Okay, great. Stepping back, as you look at the locations that you have opened, how satisfied are you about the performance coming from these locations? Obviously, Toronto seems to be doing really well, but I'm curious about your thoughts on the other locations and how those are doing to give you comfort that you're going to continue to get the return, especially -- and also the revenue take-up from these new areas -- new locations?
Jeff, we are quite happy with the numbers from The Rec Room. I mean, as you know, we were having challenges in one of the locations, we continue to work on that. But at the same time, we are focusing on our costs, and as you saw, we ended up with 22% margin. And if we took out the one that's problematic, we would be close to over our numbers moving forward. And we've also felt a little bit -- because 3 out of the 5 locations are in Alberta, we felt a little bit off the economic impact because in the fourth quarter, we had less parties that were booked in Alberta than we would have expected. And overall, we're quite confident as far as our moving forward and the targets that we've set for the overall business.
Up next from Echelon, we'll go to Rob Goff.
I've 2 questions, if I could. First on the Cinema and Media. Ellis, when you make reference to it being back on track, should we look at revenue growth there as being primarily correlated with the box office or to what extent do you have leverage to increased utilization or higher rates?
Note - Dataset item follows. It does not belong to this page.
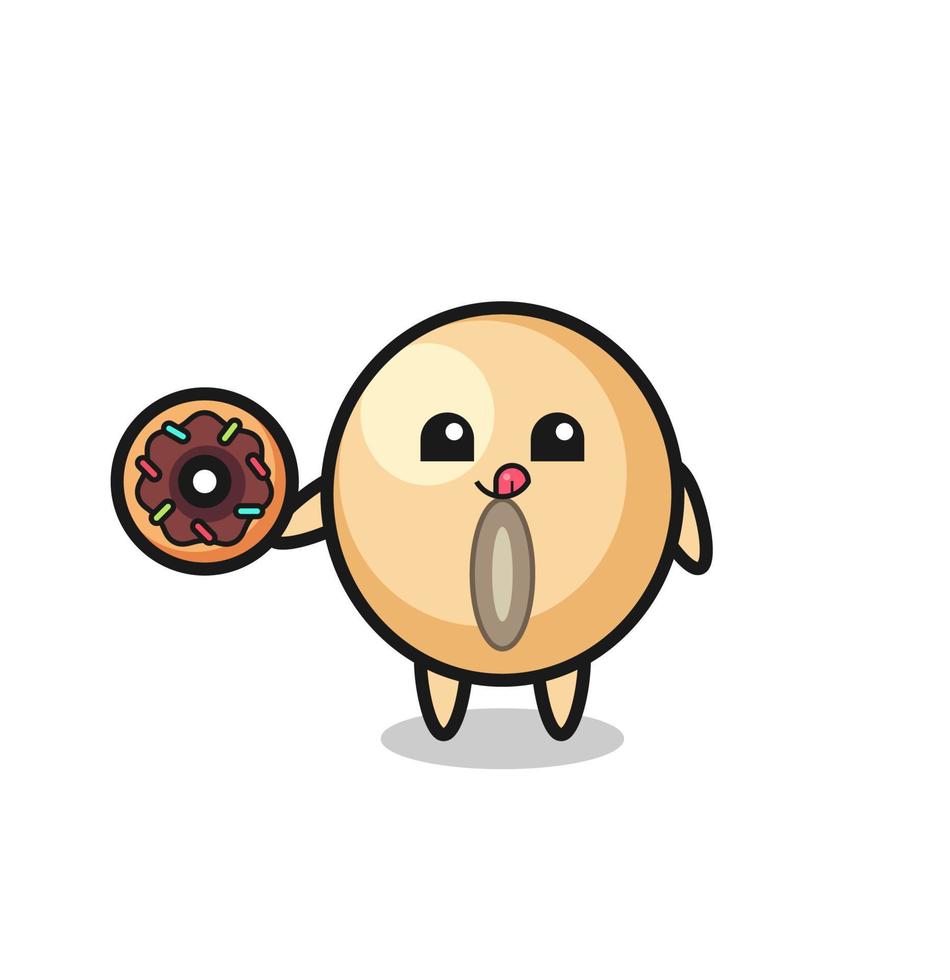 illustration of an soy bean character eating a doughnut vector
And then changing quick a bit, could you perhaps give us an update on eSports? What has surprised you in 2018, where you see the strategic shifts?
So I'll deal with the media and let Gord speak about eSports. But again, our focus is on utilization within the media space. And one of the advantages you have and continue to build on is the great portfolio that we are able to offer our agencies and clients with all of the different businesses, all the way from the digital media and malls to the TimsTV to all of these different facets. And attendance does play a role, but much more important is the bigger films that drive the business. And to me, it's about the big-event movies and not really the overall box office that we see driving the media business moving forward.
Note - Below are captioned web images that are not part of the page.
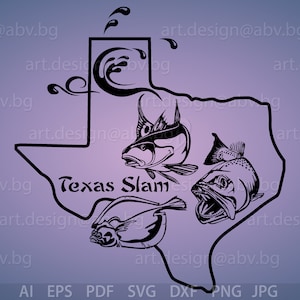 Vector TEXAS SLAM, AI, eps, pdf, png, svg, dxf, jpg afbeelding afbeelding digitale download artwork, gestileerd, grafisch, forel, rode vis, bot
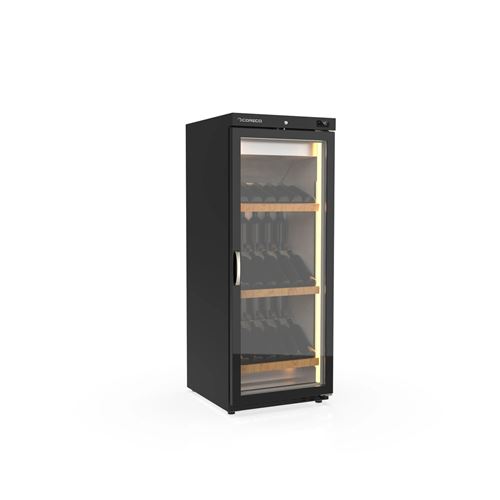 Non Communiqué Noir Cave À Vin Mono Température 1 Porte 240 L Intérieur Inox Coreco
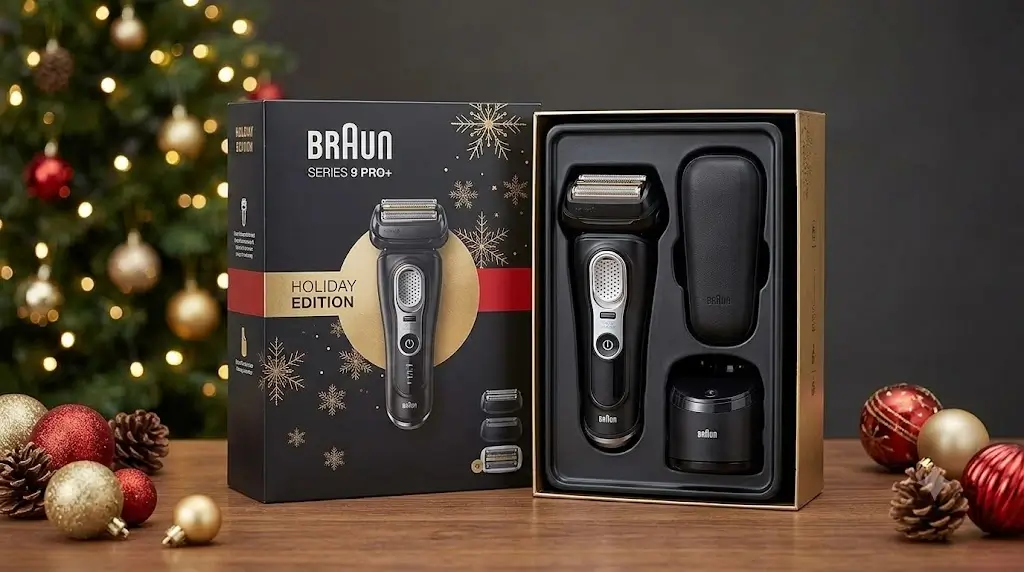 Braun Series 9 Pro+ electric shaver packaged in a premium holiday gift presentation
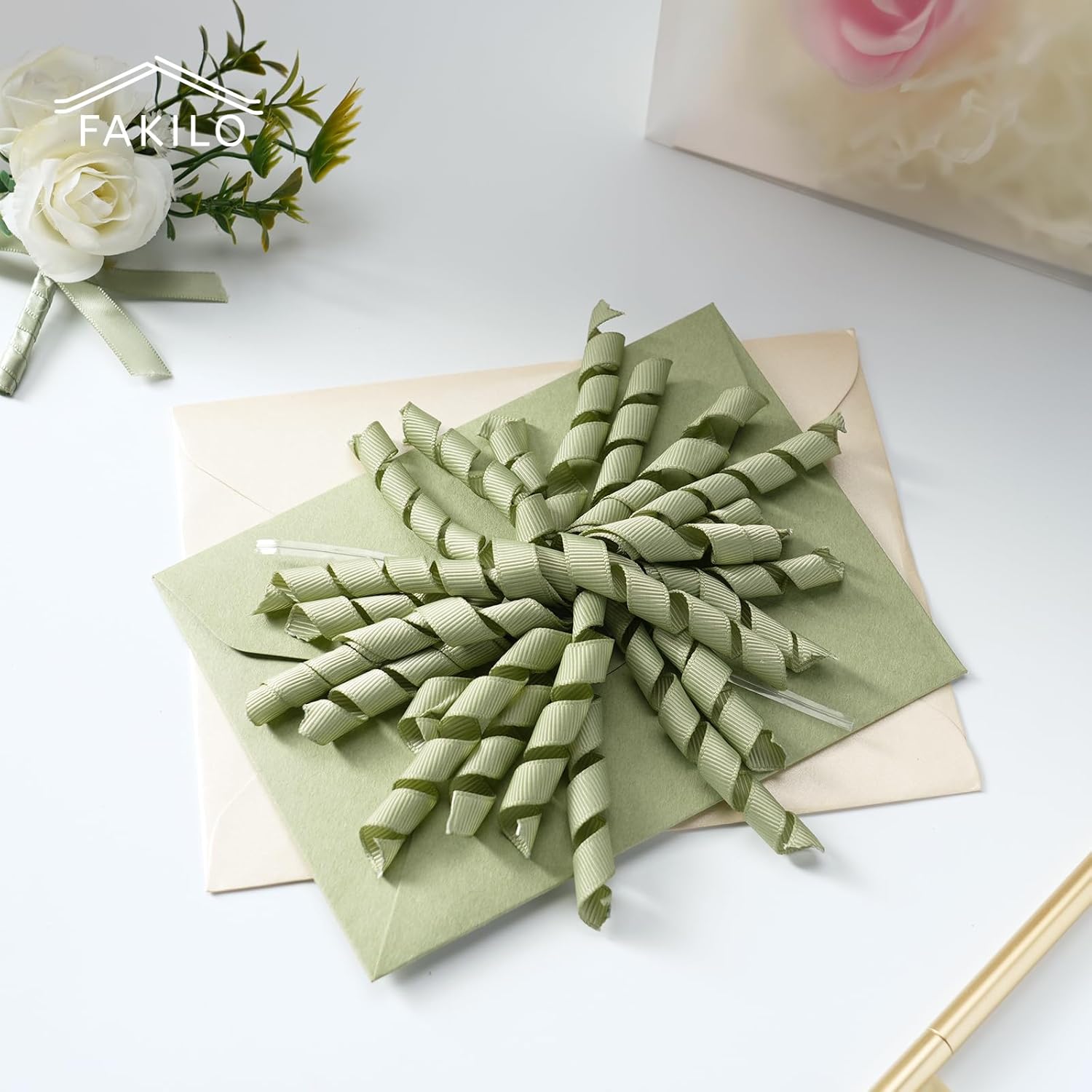 Sage Green Bows for Gift Wrapping, Curly Ribbon Bows for Presents, Birthday, Wedding, Wrap Accessories, Party Favor - 6 Counts - Image 3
And so on your eSports question, I guess, what did we see through the past year. I guess, one thing is, you see the publishers taking more control over their titles at the pro level. So leagues being created, pros -- or publishers selling franchises and Overwatch and now Call of Duty. We also see traditional sports players looking to tap into the eSports audience through titles related to their traditional sports games. We see brand, just still in early stages of more traditional brands looking to connect with the impressions that are created in the eSports landscape. And then, you see content providers and distribution platforms, the emergence of new players in that space. We've always been focused in sort of the more the path to the Pro, the 99% of the players that are out there. And so the final question is what do we kind of see going forward? I'd say as the ecosystem evolves, more commercial relationships, strategic partnerships with some of the other players in the system that we look to enhance our value and help them enhance their value in the space.
[Operator Instructions] You'll hear next from Derek Lessard of TD Securities.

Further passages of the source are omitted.